Data shown
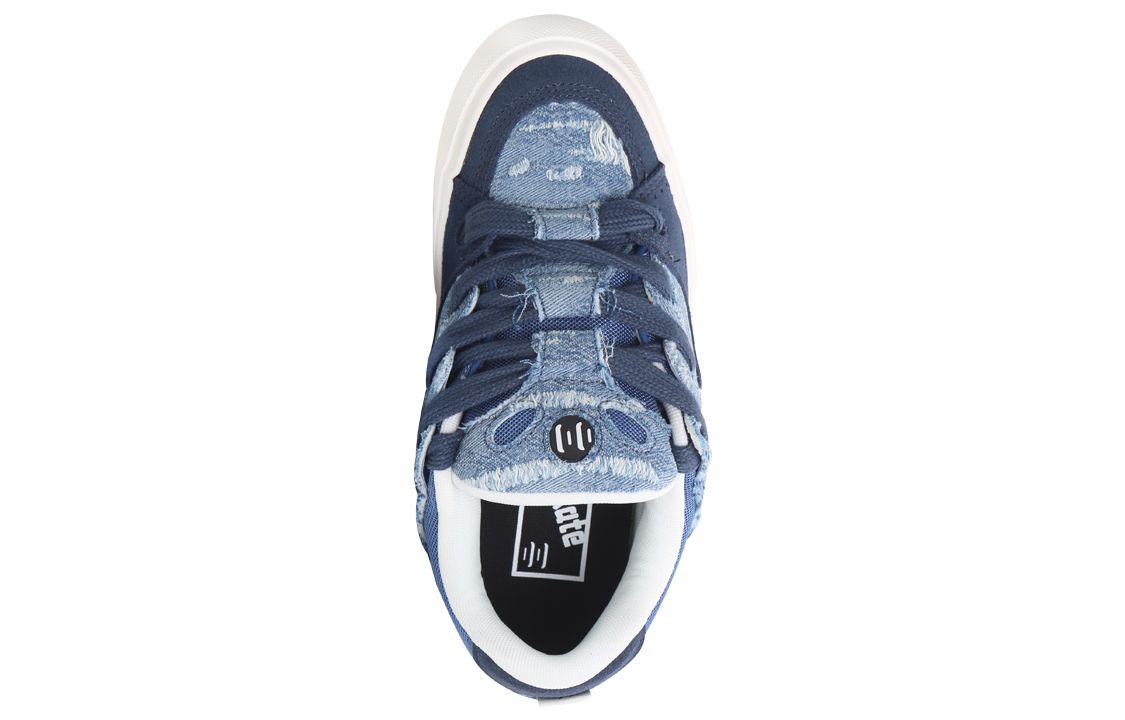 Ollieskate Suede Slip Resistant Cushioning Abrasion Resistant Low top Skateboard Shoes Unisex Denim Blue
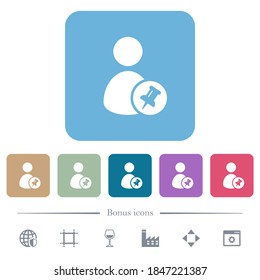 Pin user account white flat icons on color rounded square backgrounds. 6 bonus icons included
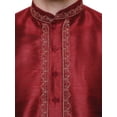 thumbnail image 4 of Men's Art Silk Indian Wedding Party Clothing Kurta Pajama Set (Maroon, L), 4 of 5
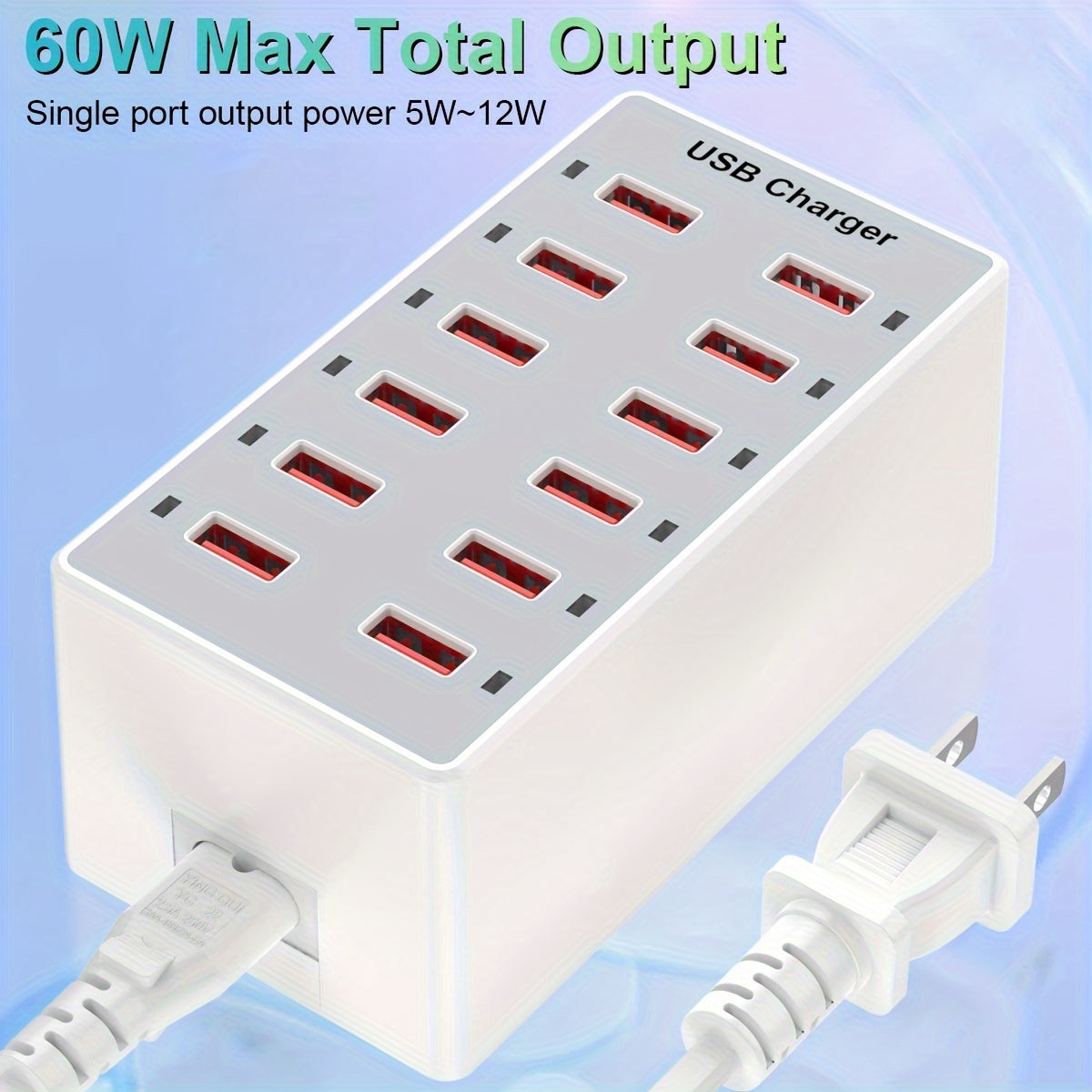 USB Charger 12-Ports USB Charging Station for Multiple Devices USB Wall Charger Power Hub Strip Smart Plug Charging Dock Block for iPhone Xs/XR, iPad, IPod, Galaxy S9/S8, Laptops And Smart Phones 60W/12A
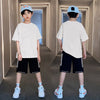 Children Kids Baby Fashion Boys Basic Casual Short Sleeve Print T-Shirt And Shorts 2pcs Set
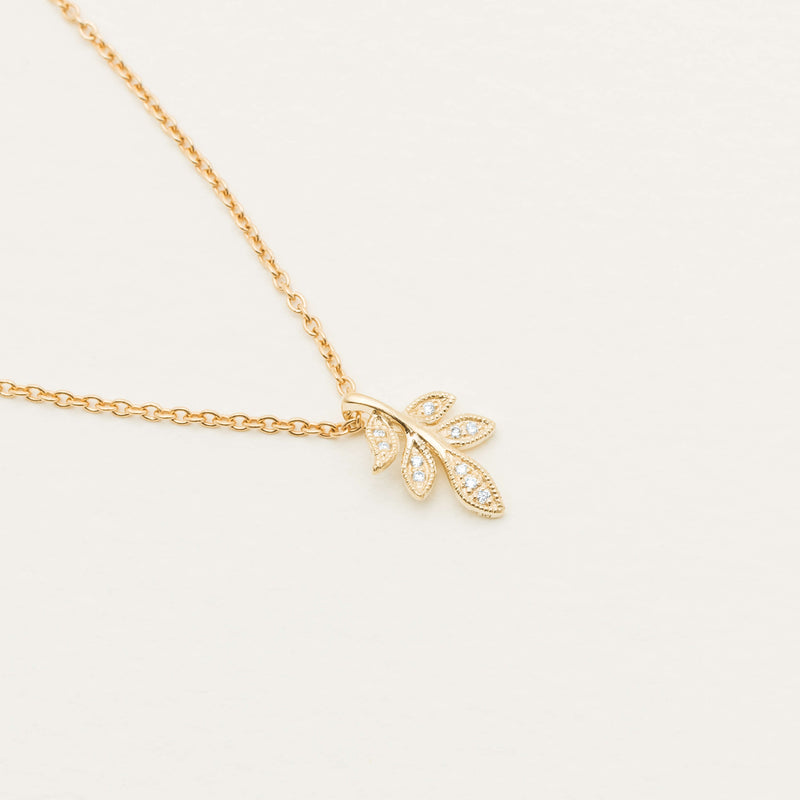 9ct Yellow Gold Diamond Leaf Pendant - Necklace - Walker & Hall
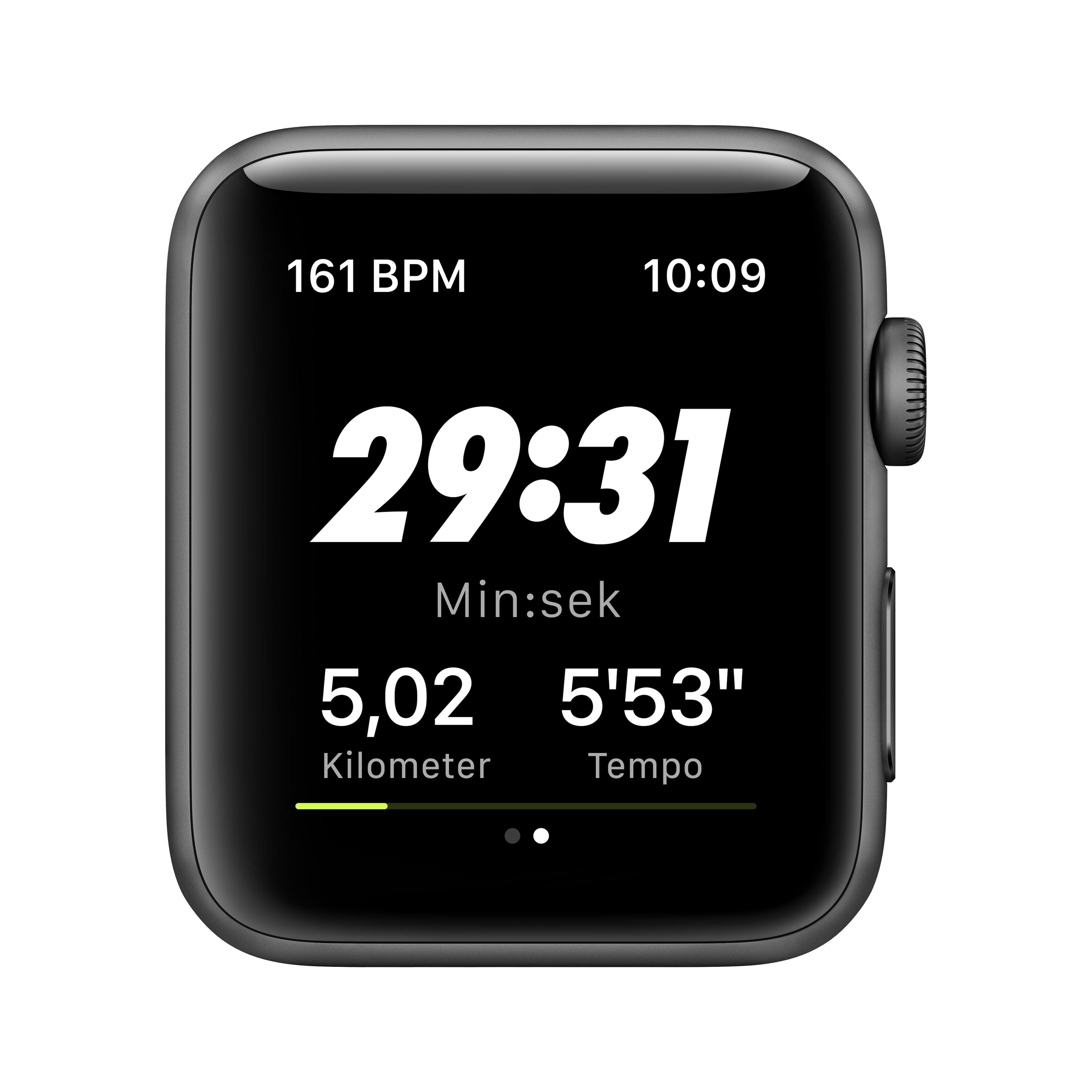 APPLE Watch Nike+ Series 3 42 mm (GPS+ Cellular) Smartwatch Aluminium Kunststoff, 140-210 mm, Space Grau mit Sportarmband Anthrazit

What you are asked to do
Write out each entry word for word, images excluded.

Written response
 Ollieskate Suede Slip Resistant Cushioning Abrasion Resistant Low top Skateboard Shoes Unisex Denim Blue
 Pin user account white flat icons on color rounded square backgrounds. 6 bonus icons included
 thumbnail image 4 of Men's Art Silk Indian Wedding Party Clothing Kurta Pajama Set (Maroon, L), 4 of 5
 USB Charger 12-Ports USB Charging Station for Multiple Devices USB Wall Charger Power Hub Strip Smart Plug Charging Dock Block for iPhone Xs/XR, iPad, IPod, Galaxy S9/S8, Laptops And Smart Phones 60W/12A
 Children Kids Baby Fashion Boys Basic Casual Short Sleeve Print T-Shirt And Shorts 2pcs Set
 9ct Yellow Gold Diamond Leaf Pendant - Necklace - Walker & Hall
 APPLE Watch Nike+ Series 3 42 mm (GPS+ Cellular) Smartwatch Aluminium Kunststoff, 140-210 mm, Space Grau mit Sportarmband Anthrazit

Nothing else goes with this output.